Reguladores Médicos de Iowa decepcionaram os defensores pró-vidas por decidirem não sancionar um doutor para prescrever pílulas abortivas para pacientes em áreas rurais.
O Conselho de Medicina do estado decidiu não sancionar a médico da Planned Parenthood, Susan Haskell, para prescrever drogas de indução de aborto aos pacientes em áreas rurais. A decisão foi especialmente triste para a organização Operation Rescue (Operação Resgate). O grupo tinha registrado a queixa para o conselho.

“Essa decisão não tem feito nada para aliviar as nossas preocupações sobre a legalidade desse esquema de pílula de aborto “push button” que nega o acesso à exames físicos por médicos licenciados e os deixa a lidar com processo multi-dias dolorosos em casa sem acesso à um médico licenciado no evento de emergência,” disse Consultor de Política Sênior de Resgate, Cheryl Sullenger.

O Diretor executivo Conselho de Medicina de Iowa Mark Bowden disse que o grupo chegou à sua decisão após uma revisão completa. No entanto, Bowden disse a jornalistas que ele e outros membros do conselho não podem falar publicamente sobre as queixas, a menos que levem às acusações formais.

A tendência de prescrição da pílula do aborto químico é chamado de tele-aborto. O método utiliza o avanço das telecomunicações para permitir médico que está fisicamente longe para vídeo-conferenciar com pacientes da clínica, e, com o pressionar de um botão, administrar remotamente uma droga de aborto.

A Planned Parenthood de Iowa da Heartland começou manutenção de pacientes nos estágios iniciais da gravidez através de tele-aborto em 2008. Desde então, 2.000 mulheres já utilizaram o serviço oferecido dentro de suas clínicas.
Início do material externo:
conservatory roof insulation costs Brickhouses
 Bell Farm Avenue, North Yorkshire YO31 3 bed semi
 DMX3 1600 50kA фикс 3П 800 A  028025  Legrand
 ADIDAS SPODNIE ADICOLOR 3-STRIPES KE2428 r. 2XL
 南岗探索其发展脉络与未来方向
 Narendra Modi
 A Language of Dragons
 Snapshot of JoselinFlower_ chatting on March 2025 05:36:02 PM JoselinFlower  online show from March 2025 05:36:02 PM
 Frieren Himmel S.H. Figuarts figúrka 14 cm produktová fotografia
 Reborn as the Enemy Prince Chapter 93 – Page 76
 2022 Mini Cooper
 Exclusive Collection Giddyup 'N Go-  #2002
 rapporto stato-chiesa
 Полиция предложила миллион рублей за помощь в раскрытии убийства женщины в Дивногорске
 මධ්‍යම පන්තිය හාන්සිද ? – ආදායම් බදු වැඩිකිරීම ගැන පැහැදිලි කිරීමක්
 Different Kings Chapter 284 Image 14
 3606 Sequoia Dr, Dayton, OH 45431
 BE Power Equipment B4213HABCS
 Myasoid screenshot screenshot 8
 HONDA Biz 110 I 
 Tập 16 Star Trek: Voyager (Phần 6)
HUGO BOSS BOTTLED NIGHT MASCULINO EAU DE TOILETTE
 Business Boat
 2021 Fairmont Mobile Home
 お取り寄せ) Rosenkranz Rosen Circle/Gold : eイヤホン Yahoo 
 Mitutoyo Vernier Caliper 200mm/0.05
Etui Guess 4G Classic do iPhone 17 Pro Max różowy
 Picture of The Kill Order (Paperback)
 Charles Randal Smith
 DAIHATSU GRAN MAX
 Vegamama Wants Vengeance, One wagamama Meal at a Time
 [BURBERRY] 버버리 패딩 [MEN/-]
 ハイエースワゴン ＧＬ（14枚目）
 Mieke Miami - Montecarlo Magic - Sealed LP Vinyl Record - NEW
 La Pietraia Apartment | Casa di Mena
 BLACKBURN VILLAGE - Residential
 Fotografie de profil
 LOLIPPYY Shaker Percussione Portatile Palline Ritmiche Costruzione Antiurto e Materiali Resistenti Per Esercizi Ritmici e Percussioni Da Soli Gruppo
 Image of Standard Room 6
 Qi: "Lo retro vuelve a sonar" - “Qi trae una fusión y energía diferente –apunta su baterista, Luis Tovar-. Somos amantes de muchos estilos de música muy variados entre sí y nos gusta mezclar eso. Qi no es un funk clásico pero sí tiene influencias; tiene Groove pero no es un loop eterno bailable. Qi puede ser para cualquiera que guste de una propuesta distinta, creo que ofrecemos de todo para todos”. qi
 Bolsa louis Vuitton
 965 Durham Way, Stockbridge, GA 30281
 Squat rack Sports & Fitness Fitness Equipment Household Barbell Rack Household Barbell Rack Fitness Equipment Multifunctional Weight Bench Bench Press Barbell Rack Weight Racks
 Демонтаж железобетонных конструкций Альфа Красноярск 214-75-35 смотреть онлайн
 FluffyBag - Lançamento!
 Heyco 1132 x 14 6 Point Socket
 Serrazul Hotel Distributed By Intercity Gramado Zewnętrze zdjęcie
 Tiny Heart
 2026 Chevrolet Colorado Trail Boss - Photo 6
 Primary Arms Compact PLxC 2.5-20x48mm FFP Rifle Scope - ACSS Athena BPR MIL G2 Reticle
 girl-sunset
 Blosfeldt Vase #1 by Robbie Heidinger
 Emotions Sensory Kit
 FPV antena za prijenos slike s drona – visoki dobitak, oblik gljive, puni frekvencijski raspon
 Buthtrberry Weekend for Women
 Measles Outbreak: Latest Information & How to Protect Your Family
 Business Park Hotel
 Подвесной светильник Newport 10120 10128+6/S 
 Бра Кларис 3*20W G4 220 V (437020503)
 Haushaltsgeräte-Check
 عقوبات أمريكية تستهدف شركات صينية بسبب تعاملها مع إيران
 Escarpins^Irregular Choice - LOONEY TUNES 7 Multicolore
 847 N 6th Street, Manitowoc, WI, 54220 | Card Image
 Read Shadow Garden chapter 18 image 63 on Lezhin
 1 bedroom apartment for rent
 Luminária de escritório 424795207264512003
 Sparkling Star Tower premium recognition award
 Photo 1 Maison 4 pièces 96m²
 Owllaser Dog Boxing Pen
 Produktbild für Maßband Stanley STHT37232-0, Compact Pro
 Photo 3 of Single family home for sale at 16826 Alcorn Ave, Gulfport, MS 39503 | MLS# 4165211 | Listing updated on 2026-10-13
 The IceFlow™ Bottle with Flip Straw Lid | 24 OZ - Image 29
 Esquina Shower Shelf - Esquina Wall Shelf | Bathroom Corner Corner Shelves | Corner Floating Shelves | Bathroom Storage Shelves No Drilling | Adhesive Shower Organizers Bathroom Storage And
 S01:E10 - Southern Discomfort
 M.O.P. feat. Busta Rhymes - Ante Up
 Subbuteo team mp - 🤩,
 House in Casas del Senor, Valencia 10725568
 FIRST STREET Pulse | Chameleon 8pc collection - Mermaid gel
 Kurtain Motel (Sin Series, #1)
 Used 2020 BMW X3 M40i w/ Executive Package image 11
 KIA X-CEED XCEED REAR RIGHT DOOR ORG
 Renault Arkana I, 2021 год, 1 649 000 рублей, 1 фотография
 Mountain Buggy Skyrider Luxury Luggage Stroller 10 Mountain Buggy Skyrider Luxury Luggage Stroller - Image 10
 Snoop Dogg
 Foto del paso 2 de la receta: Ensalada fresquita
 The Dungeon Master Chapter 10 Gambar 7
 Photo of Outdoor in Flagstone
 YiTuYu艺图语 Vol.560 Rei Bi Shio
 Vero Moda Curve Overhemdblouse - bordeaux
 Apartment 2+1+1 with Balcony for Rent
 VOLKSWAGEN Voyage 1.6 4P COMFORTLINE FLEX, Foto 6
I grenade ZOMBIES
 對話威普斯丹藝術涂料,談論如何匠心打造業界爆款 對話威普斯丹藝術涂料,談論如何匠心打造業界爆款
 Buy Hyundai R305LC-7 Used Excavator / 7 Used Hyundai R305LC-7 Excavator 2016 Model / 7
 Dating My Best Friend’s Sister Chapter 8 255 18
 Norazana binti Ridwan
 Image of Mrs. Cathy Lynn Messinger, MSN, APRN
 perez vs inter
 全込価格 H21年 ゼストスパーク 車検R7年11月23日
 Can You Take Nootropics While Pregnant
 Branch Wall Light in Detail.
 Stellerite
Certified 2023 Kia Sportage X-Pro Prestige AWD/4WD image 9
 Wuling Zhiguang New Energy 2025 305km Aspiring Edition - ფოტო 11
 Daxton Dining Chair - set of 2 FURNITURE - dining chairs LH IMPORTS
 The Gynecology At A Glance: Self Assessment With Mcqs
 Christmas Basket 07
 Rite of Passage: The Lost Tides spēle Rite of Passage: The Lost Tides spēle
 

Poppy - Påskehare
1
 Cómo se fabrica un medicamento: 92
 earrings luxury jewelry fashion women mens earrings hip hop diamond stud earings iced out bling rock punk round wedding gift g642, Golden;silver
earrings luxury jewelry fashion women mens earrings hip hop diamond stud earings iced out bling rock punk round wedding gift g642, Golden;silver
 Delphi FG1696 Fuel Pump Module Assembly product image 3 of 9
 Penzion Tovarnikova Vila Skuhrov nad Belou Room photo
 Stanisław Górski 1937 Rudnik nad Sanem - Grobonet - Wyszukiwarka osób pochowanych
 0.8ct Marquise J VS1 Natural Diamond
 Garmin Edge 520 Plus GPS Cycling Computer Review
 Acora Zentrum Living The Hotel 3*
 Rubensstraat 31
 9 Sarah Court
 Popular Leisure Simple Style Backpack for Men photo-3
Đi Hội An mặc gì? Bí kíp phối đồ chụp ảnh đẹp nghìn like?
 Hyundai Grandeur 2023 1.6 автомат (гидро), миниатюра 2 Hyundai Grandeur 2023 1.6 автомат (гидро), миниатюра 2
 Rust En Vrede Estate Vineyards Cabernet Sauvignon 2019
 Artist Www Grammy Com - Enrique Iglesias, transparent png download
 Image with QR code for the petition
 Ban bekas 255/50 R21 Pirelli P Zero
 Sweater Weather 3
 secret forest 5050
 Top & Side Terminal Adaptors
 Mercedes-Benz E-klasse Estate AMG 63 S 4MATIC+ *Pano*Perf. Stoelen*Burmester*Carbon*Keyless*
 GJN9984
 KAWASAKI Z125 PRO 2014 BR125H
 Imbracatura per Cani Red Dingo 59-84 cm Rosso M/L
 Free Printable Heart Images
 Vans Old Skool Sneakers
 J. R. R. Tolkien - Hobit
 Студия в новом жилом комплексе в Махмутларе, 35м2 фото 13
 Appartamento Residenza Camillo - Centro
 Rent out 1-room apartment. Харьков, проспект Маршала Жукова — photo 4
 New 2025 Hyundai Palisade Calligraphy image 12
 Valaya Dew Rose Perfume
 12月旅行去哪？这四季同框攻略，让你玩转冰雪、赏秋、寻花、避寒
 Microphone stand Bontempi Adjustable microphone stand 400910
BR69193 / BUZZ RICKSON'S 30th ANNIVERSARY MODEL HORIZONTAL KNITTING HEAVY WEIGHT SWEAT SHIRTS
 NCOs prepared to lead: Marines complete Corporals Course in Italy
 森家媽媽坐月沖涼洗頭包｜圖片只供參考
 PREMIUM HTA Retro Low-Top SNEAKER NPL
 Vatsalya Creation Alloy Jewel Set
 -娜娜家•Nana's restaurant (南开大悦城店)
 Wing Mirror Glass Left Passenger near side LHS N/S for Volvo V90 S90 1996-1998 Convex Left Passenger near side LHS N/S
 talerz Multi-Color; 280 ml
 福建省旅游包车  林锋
De acordo com a Operação Resgate, a Planned Parenthood planeja expandir o uso de abortos tele-medicina para todas as clínicas da Planned Parenthood, nos próximos cinco anos. Uma carta não datada da Planned Parenthood de centro-oeste de Iowa, publicada no website da operação pró-vida indica que a expansão começará com clínicas em Cedar Rapids e Dubuque.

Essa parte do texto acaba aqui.